Julia Jupyter notebook on CECI HPC - gher-uliege/Documentation GitHub Wiki

[!IMPORTANT]
Please do not forget to free CPU/GPU/... resources to not unnecessarily deplete the computation time budget

Connect to the cluster with port-forwarding

You need to first configure SSH as described CECI documentation. and the Lucia documentation.

Assuming that you can already connect to lucia with ssh lucia, on your laptop/PC, connect to lucia with port forwarding:

ssh -L 9999:localhost:9999 lucia

If the port 9999 is already used, you can use a different number and adapt all port numbers below accordingly. The port number should be larger than 1024.

Install jupyter notebook

Run the following shell commands to install jupyter:

pip install -U --user pip
which pip
# should be ~/.local/bin/pip
pip install --user jupyter
which jupyter
# should be ~/.local/bin/jupyter
export JUPYTER=$(which jupyter)

Run the following julia commands to install IJulia:

using Pkg
Pkg.add("IJulia")
using IJulia
@show IJulia.JUPYTER

The last command gives you the path to the jupyter program, for example "/gpfs/home/acad/ulg-gher/abarth/.local/bin/jupyter".

Run on the frontal node

Simple data preparation tasks can be done on the frontal node as long as they do not require much resources:

jupyter notebook  --no-browser --port=9999

Then open the link (e.g. http://localhost:9999/?token=LONG_LONG_TOKEN) in your web-browser as instructed.

Run on compute nodes

Start jupyter notebook via the SLURM command srun for example with:

srun --account=ACCOUNT_NAME --job-name=notebook --partition debug-gpu --gres=gpu:1 --time=1:00:00  --mem-per-cpu=6000  --ntasks=1 --cpus-per-task=1 --pty jupyter notebook --no-browser --port=9999

You may need to adapt the options --account, --time, --mem-per-cpu, --ntasks, --cpus-per-task... (see https://support.ceci-hpc.be/doc/_contents/QuickStart/SubmittingJobs/SlurmTutorial.html).

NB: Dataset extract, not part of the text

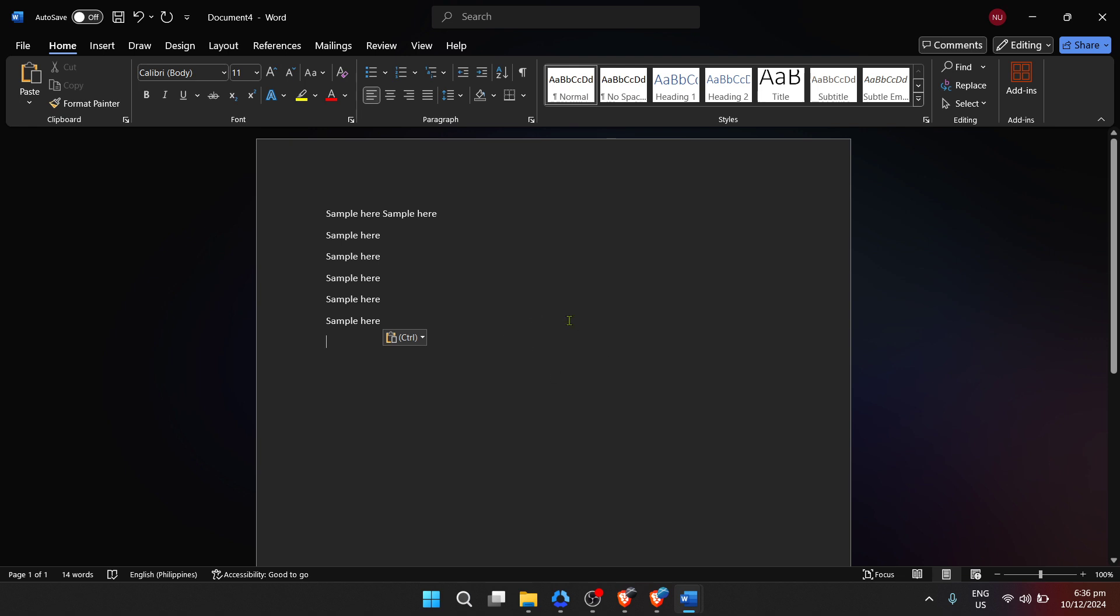Exploring further, the toolbar at the top houses an array of options. Here, you can find tools to insert images, create tables, and even add links to your document.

Enable port forwarding from frontal to the compute node in an additional separate SSH session by running this command on the frontal system

ssh -L 9999:localhost:9999 cnaXYZ

where cnaXYZ is the allocated compute node as reported by the shell command squeue --me.

[!TIP] The julia command gethostname() allows you to double check that you are running on the correct node. With the command using CUDA; CUDA.functional() you can check if a CUDA GPU available.

Free resource

Hit Control-C in the terminal where you lanched jupyter notebook wuth srun. Verify that the resources are freed with the following command to be run on the frontal node:

squeue --me

Explicitly cancel a job with scancel JOB_NUMBER if necessary.